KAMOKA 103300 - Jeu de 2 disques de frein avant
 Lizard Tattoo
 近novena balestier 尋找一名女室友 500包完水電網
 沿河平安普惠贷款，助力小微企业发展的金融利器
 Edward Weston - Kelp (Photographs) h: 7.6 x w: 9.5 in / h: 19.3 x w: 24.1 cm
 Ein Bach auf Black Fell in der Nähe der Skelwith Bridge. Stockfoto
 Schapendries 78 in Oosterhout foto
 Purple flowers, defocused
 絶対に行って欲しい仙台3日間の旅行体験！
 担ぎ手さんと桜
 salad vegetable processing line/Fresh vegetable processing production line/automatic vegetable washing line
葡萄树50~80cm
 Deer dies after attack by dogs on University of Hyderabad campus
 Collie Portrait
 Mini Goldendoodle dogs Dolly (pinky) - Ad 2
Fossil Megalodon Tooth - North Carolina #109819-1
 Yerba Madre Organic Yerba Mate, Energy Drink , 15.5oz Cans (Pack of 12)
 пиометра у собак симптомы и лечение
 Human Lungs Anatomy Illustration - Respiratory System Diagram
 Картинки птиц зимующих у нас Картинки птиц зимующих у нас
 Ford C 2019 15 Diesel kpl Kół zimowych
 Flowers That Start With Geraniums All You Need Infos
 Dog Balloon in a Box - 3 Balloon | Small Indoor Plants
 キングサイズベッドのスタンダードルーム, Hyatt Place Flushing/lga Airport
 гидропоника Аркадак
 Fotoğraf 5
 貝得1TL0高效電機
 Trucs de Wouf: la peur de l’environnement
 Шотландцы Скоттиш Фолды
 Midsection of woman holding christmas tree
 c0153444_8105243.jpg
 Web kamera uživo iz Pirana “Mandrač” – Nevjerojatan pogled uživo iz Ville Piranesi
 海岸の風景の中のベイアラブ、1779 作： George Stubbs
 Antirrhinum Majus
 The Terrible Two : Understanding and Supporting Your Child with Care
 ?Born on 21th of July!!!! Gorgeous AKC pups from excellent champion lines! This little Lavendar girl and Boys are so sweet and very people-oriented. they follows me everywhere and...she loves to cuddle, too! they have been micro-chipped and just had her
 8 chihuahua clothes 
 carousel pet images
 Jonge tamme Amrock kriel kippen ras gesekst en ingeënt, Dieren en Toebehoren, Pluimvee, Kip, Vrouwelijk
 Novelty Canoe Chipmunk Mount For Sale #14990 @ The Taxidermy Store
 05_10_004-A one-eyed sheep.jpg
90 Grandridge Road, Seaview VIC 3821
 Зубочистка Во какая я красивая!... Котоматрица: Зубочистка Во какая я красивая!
====
» **TASK REQUIREMENTS**: Taking the material above, extract exactly and only the lines from the line with "キングサイズベッドのスタンダードルーム, Hyatt Place" to the line with "c0153444_8105243.jpg", inclusive of both.

» **EXERCISE RESULT**:
 キングサイズベッドのスタンダードルーム, Hyatt Place Flushing/lga Airport
 гидропоника Аркадак
 Fotoğraf 5
 貝得1TL0高效電機
 Trucs de Wouf: la peur de l’environnement
 Шотландцы Скоттиш Фолды
 Midsection of woman holding christmas tree
 c0153444_8105243.jpg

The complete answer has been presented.